It’s a clever means of achieving the idea of reflections in polished floors, and has the advantage of being relatively “efficient” performance-wise (if a little hard on land impact, depending on the degree to which a person goes with the “reflected” items under the floor), as it means re-use of loaded textures and avoids rendering avatar reflections and mirroring movement. Although that said, the fact that the technique doesn’t show avatar reflections can spoil the effect.

Nitroglobus Roof Gallery provides an excellent demonstration of using a duplicate build to create the illusion of a reflective floor (although note the lack of any avatar shadow)

As has long been known, Linden Water can also be used as a means of producing reflective floorsthat can reflect avatars as well as objects. However, under Windlight, it has tended to suffer from a couple of observable weaknesses: if applied at the region level, it meant all water viewed from the region with produce the mirror effect – which could be a problem when outdoors (e.g. a mirror-flat surrounding sea); while to use it at parcel level meant using a viewer that accepted viewer-side parcel Windlight support – so anyone not using such a viewer would see a building / room with “flooded” floors.

EPP, with its simulator support for for parcel-level environment settings, means that is now possible to use Linden Water to create reflective floor effects within ground-level building that can more easily been seen by anyone entering the building, regardless of the viewer they are using. There are some pre-requisites involved, both it terms of creating the effect and viewing it, but even so, it is relatively easy to implement for anyone who wishes to do so.

Those prerequisites are:

  • As the approach uses Linden Water, it can only bee used at ground level (and on ground-level rooms of such buildings).
  • Some skill with terraforming is required, in particular:
    • Lowering / levelling land – this is important as the “reflective” floors must be at water level.
    • Ability to sub-divide land into parcel – this is particularly important if there is Linden Water is visible from outside the building with reflective floors, as you’ll be making changes to how Linden Water appears.
  • For parcels, you’ll need to have permission to set the environment at parcel level – if you do not own the region, and parcel level EEP support has been disabled via the region level controls, you will have to discuss the matter with the region holder / owner.
  • Those visiting the building must have Preferences → Graphics → Water Reflections set to All Avatars and Objects or Everything in order to see the water reflecting everything, including avatars.

The approach works best with your own builds, but can be used with pre-fab builds if they are modifiable, and can have floors modifed / replaced.

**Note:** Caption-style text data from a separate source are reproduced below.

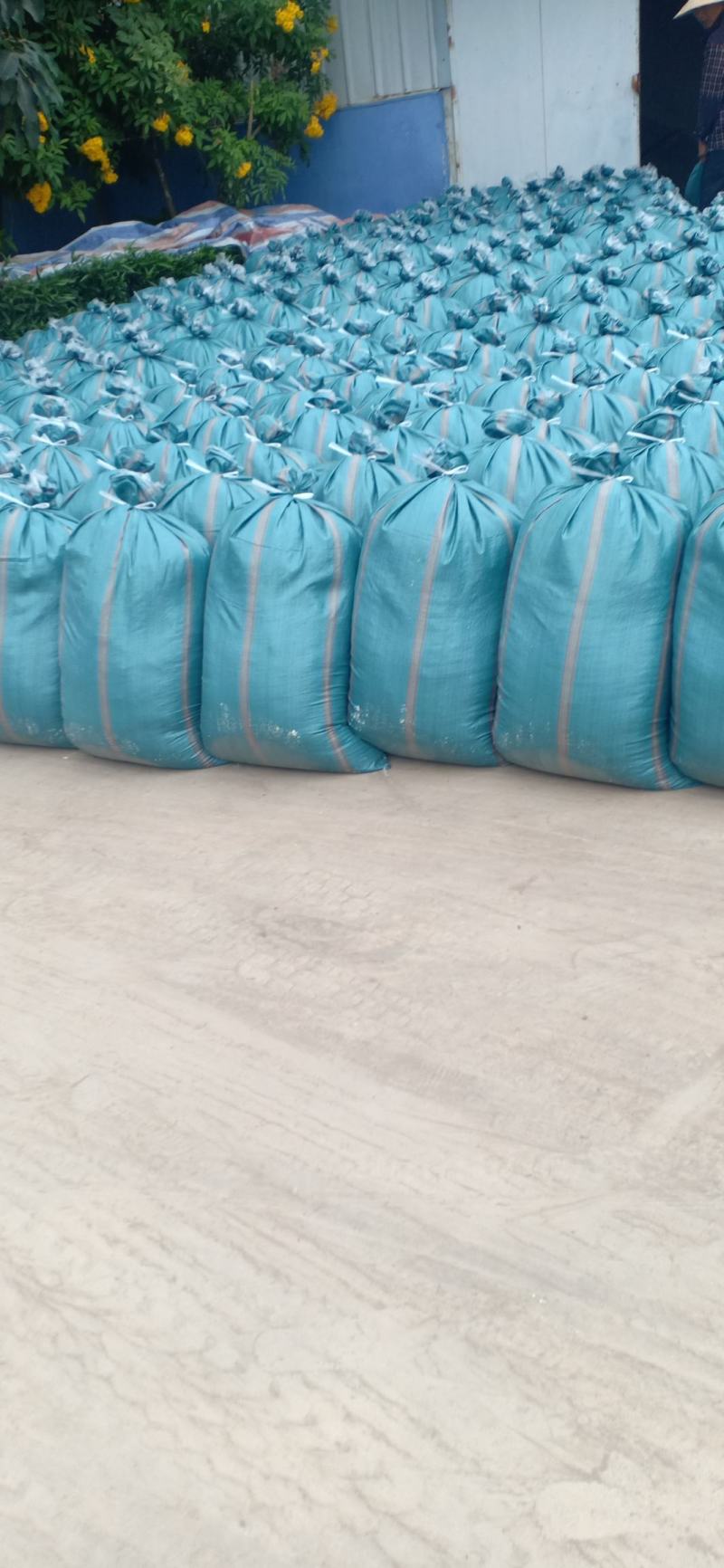 新鲜出炉的豆腐渣需要的提前联系我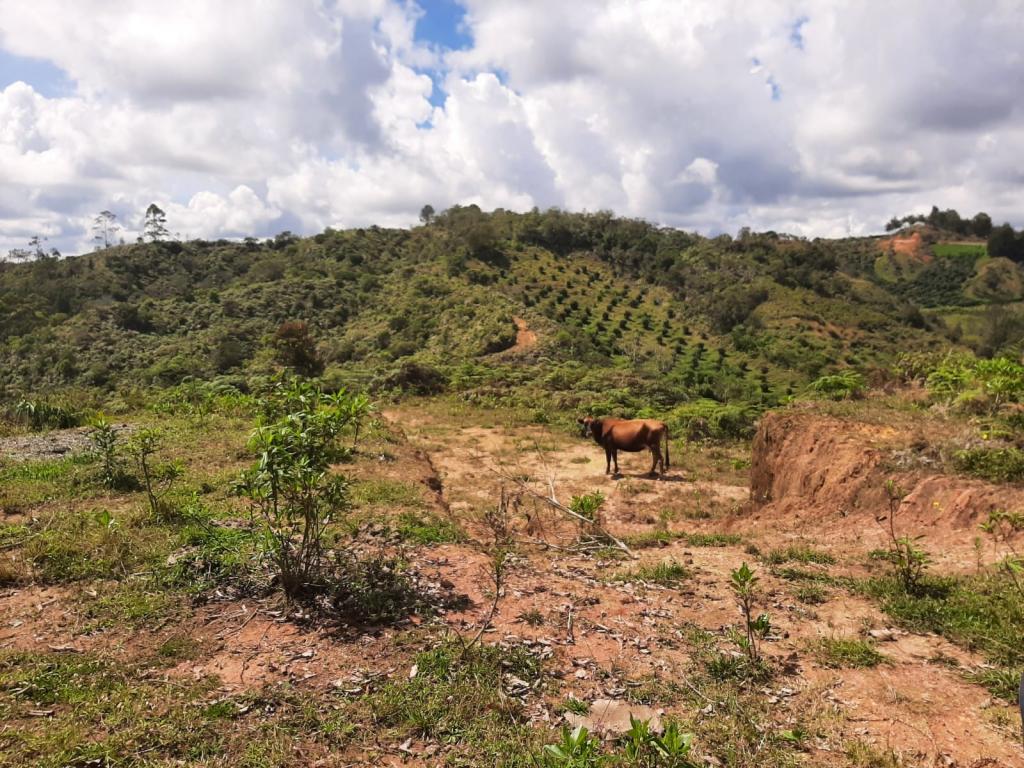 2022060255386467965250710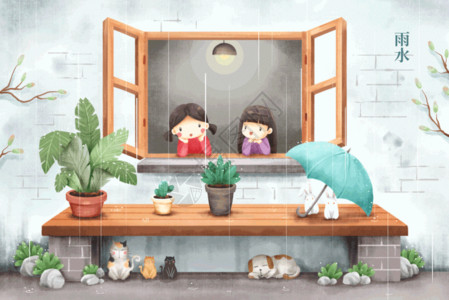 猫和窗户雨水高清图片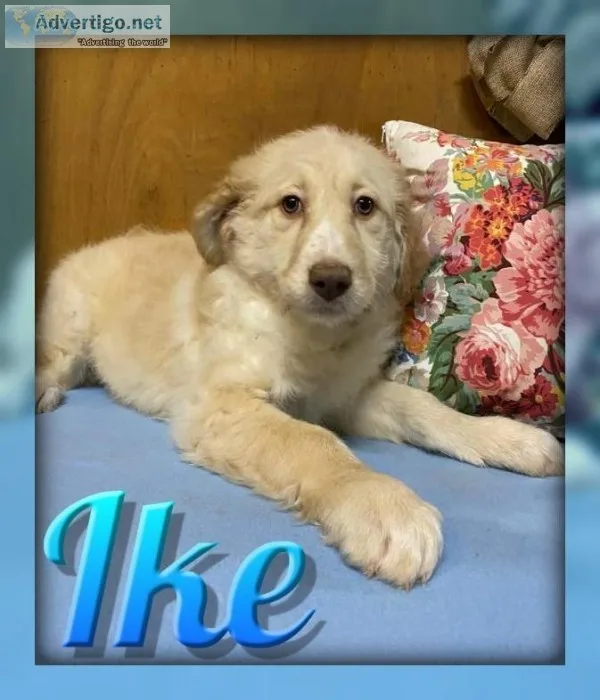 Ike Male AussieDoodle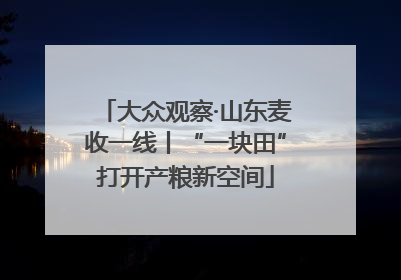 大众观察·山东麦收一线丨“一块田”打开产粮新空间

1 Prepare Your Land and Building

The first thing you need to do, is determine the shape of the floor space you wish to has as a reflective space and prepare the part of your land where it is to go.

  • Make a simple prim template of the shape of the room / building.
  • Place the template on your land where the room is to be positioned.
  • Keep in mind that depending on your location, you may want to sub-divide your land (if you have the necessary permission) so you can see natural-looking Linden Water when outside your house.
  • Use the terrafrorming tools in the Build / Edit floater to carefully lower the land under the template to expose the Linden Water.
  • Note that the “reflective floor” will, when the work is finished, need to sit just below the level of Linden Water. This means you may have to set it lower than the floors in other rooms on the ground floor of the building, or have the building itself surrounded by a mesh / prim surround to blend it with the ground level.
  • When you’re set, position the building and if necessary sub-divide your parcel.
  • Edit the building and:
    • Sset each of the floors you wish to be reflective to around 80% transparent – note that you may have to experiment with this setting, depending on the floor texture you use.
    • Apply a suitable texture for the reflective floor(s) (e.g. a wood texture for a polished wooden floor, or a marble effect for a public building).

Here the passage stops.